To get good insights while running an algorithm on any data, it is critical to have correct and clean data that contains only essential information. Dirty data frequently leads to poor or erroneous insights and predictions, which might have negative consequences.

For example, when launching any large campaign to market a product, if our data analysis tells us to target a product that has no demand in reality, the campaign is doomed to fail. As a result, the company’s revenue is lost. This is where the value of having accurate and clean data comes into play.

  • Data Cleaning of the data coming from diverse sources helps in data transformation and resulting in the data where the data scientists can work on.
  • Properly cleaned data improves model accuracy and yields very good predictions.
  • When the dataset is very vast, it becomes difficult to run data on it. If the data is large, the data cleanup stage takes a long time (about 80% of the time). It cannot be used while the model is running. As a result, cleansing data before running the model increases the model’s speed and efficiency.
  • Data cleaning assists in identifying and correcting any structural flaws in the data. It also aids in the removal of duplicates and the maintenance of consistency.

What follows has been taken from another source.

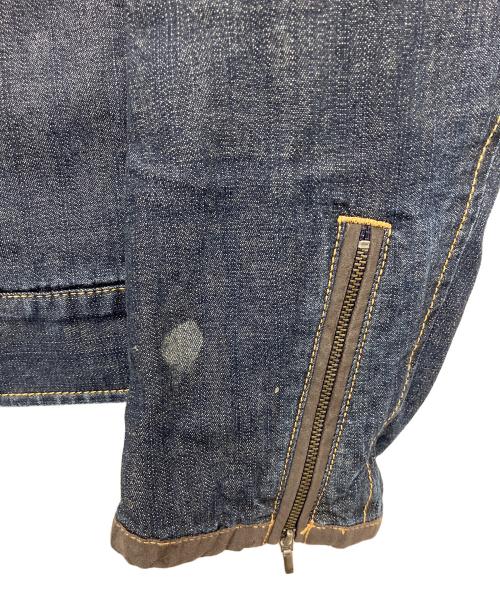 BURBERRY BLACK LABEL（バーバリーブラックレーベル）BURBERRY BLACK LABEL (バーバリーブラックレーベル) BMP96-616-28　デニムジャケット インディゴ サイズ:Mの古着・服飾アイテム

19. How do you handle missing values during analysis?

To determine the degree of missing values, we must first identify the variables that have missing values. Assume a pattern is discovered. The analyst should now focus on them because they may lead to fascinating and significant discoveries. If no patterns are found, we can replace the missing numbers with the median or mean values, or we can just ignore the missing data.

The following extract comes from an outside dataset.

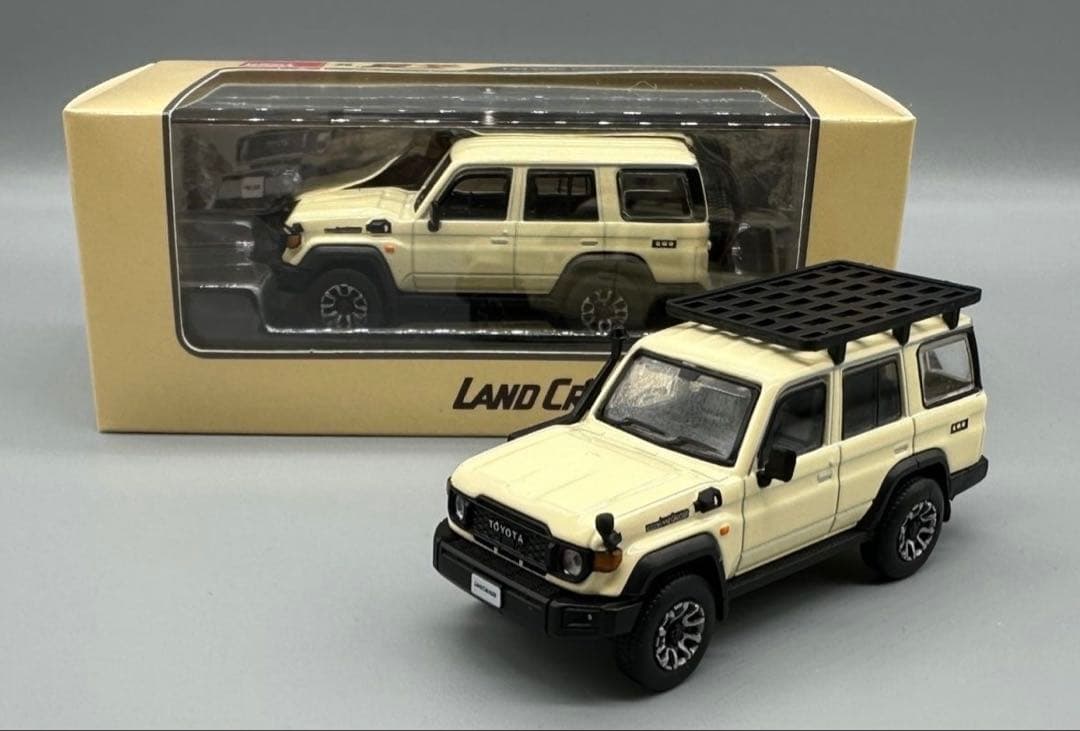 トヨタ ランドクルーザー 1/64 ミニカー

If the variable is categorical, the mean, minimum, and maximum values are assigned by default. The default value is assigned to the missing field. If we have a data distribution, we present the mean value for a normal distribution.

If 80% of the values for a variable are missing, we would eliminate the variable rather than treat the missing values.

20. How will you handle missing values in your data analysis?

After determining which variables contain missing values, the impact of missing values can be determined.

If the data analyst discovers a pattern in these missing variables, there is a potential that important insights will emerge.

In case such patterns are not identified, then these missing data can either be disregarded or can be replaced with default values such as mean, minimum, maximum, or median values.

If the missing values are for categorical variables, they are given default values. Missing values are assigned mean values if the data has a normal distribution. If 80% of the values are missing, the analyst must decide whether to replace them with default values or drop the variables.